::: DATA EXTRACTS

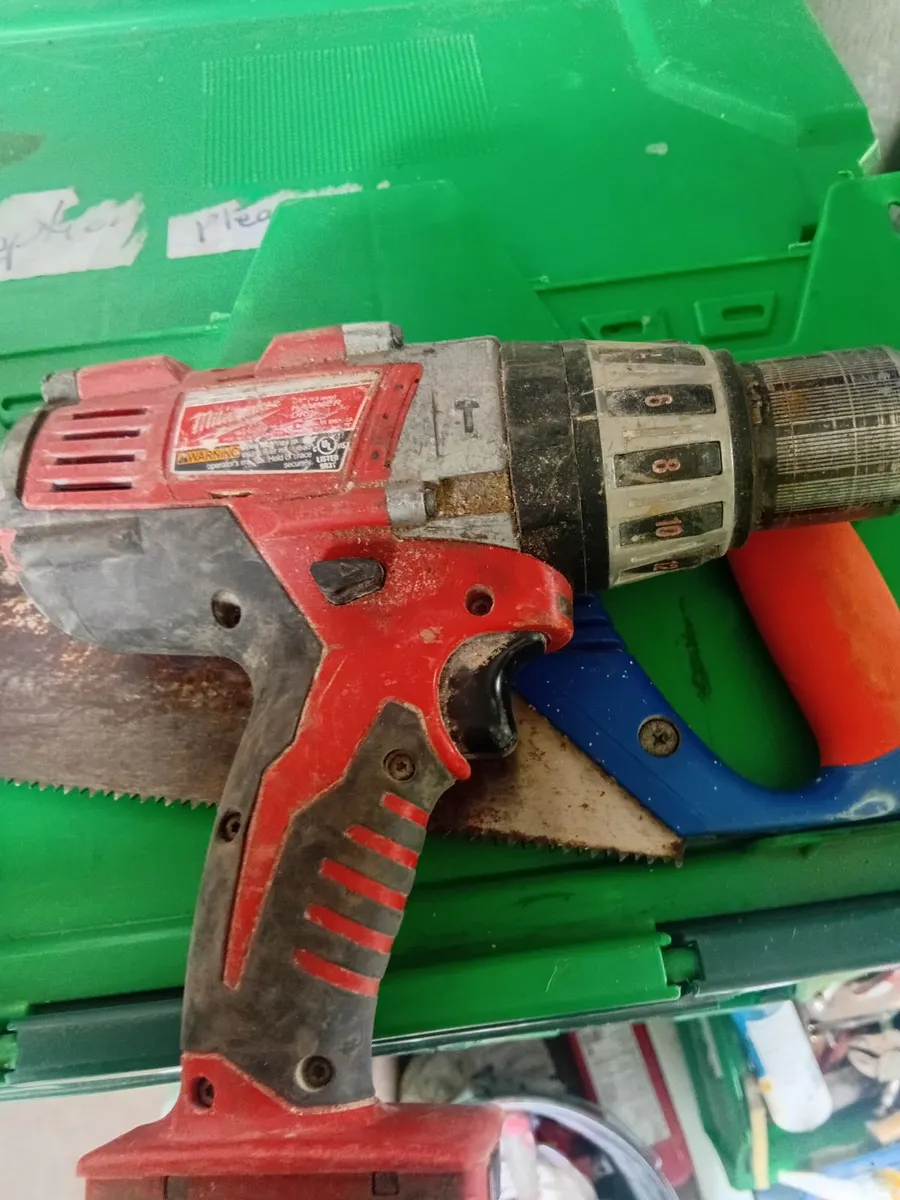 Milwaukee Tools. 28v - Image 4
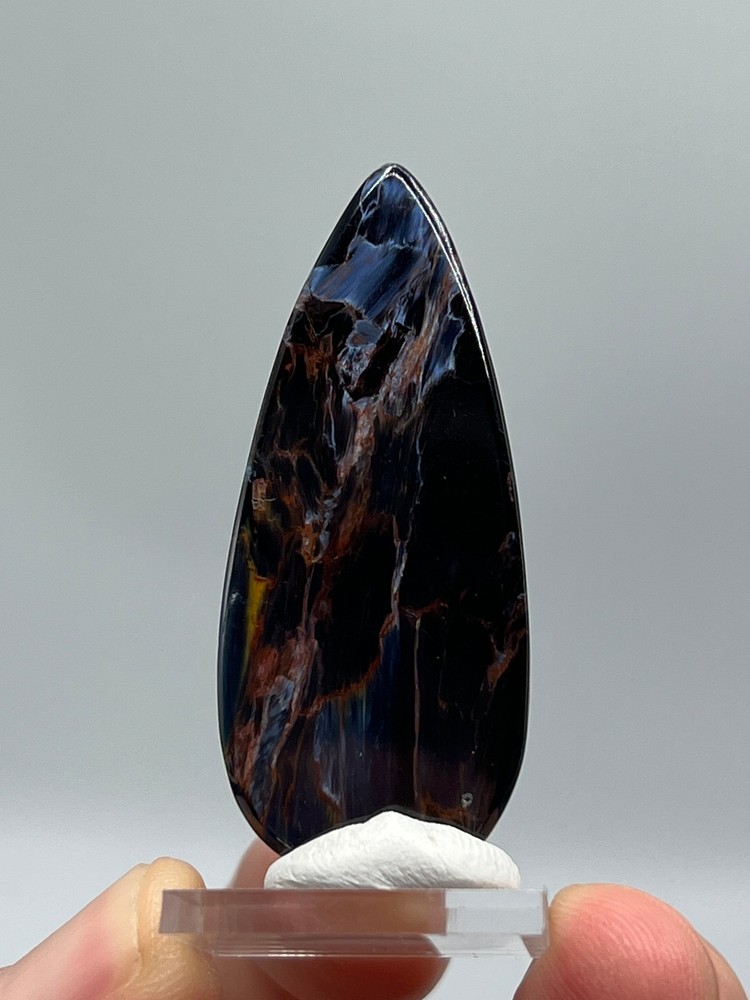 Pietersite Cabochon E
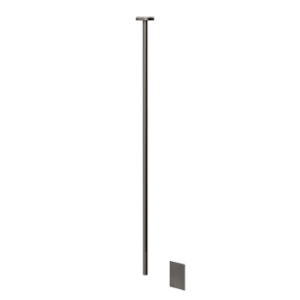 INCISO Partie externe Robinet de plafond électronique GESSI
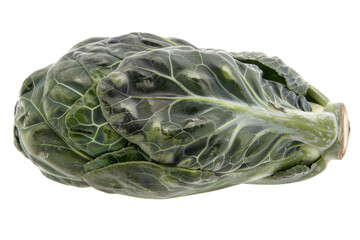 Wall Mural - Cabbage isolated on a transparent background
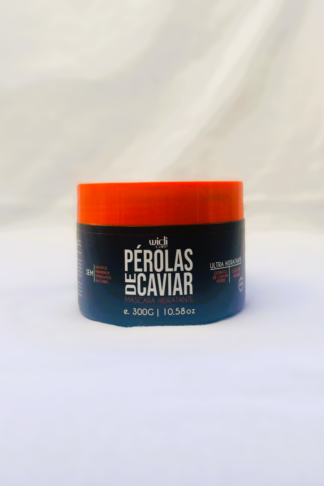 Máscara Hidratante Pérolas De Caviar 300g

::::::
::: DATA EXTRACTS

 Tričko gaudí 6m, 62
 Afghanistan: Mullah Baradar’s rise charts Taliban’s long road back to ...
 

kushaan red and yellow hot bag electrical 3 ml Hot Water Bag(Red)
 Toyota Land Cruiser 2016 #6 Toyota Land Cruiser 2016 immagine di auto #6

::::::

◆ TRY IT: Everything above from the line with "Milwaukee Tools. 28v - Image 4" through the line with "Máscara Hidratante Pérolas De Caviar 300g" should be retyped exactly, and nothing else; omit pictures.

◆ SOLUTION FOR THIS PROBLEM:
 Milwaukee Tools. 28v - Image 4
 Pietersite Cabochon E
 INCISO Partie externe Robinet de plafond électronique GESSI
 Wall Mural - Cabbage isolated on a transparent background
 Máscara Hidratante Pérolas De Caviar 300g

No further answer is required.